Join multiple award-winning internationally acclaimed writers Mourid Barghouti and Marcello Di Cintio for a moving and insightful discussion on exile, displacement, belonging and political turmoil. A truly one-of-a-kind event featuring a voice of a generation.
In 1966, the Palestinian poet Mourid Barghouti, then twenty-two, left his country to return to university in Cairo. A year later came the Six Day War and Barghouti, like many Palestinians living abroad, was denied entry into his homeland. Thirty years later, he was finally allowed to visit Ramallah, the city he had grown up in. A rickety wooden bridge over a dried-up river connects the West Bank to Jordan. It is the very same bridge Barghouti had crossed, little knowing that he would not be able to return. I Saw Ramallah, his extraordinarily beautiful account of homecoming, begins at this crossing, filled with its ironies and heartaches. In half bemusement, half joy, Barghouti journeys through Ramallah, keenly aware that the city he had left barely resembles the present-day city scarred by the Occupation – and he discovers in this displacement that the events of 1967 have made him permanently homeless.

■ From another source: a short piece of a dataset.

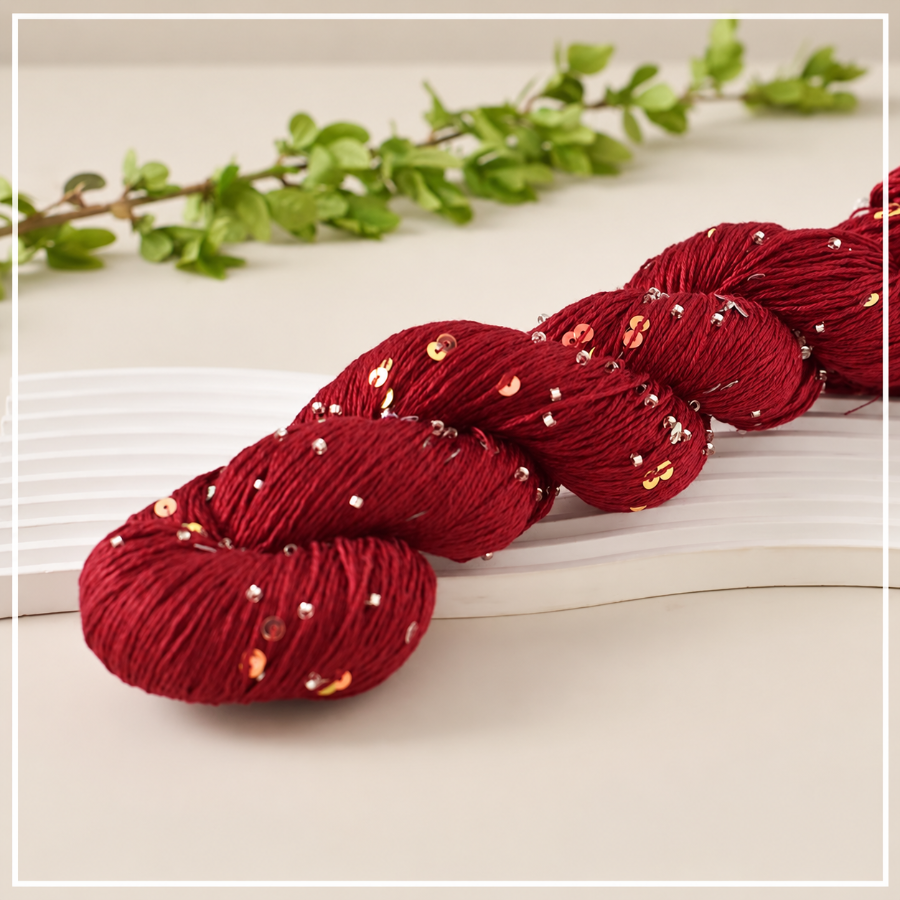 Decorative yarn with beads and sequins, 100 g / 400 m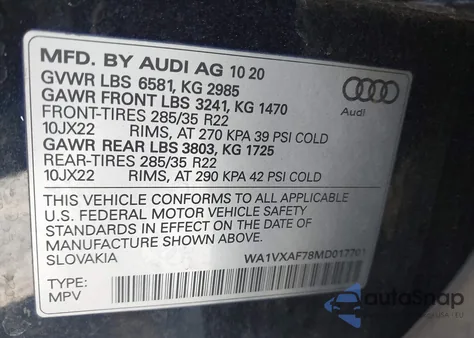 2021 Audi Q7 Prestige 55 Tfsi Quattro Tiptronic z USA, uszkodzony, nr VIN WA1VXAF78MD017701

Canadian author Marcello Di Cintio begins his new book, Pay No Heed to the Rockets: Palestine in the Present Tense, by following Barghouti’s footsteps across that same bridge. From Ramallah, Di Cintio travels across Palestine to hear the stories of writers, poets, librarians, booksellers and readers. His book offers a window into the literary heritage of Palestine that transcends the narrow language of conflict. Di Cintio’s previous book, Walls: Travels Along the Barricades, explored what it means to live in the shadows of walls, fences and other fortified borders. Walls won the Shaughnessy Cohen Prize for Political Writing and the Wilfred Eggleston Prize for Non-Fiction.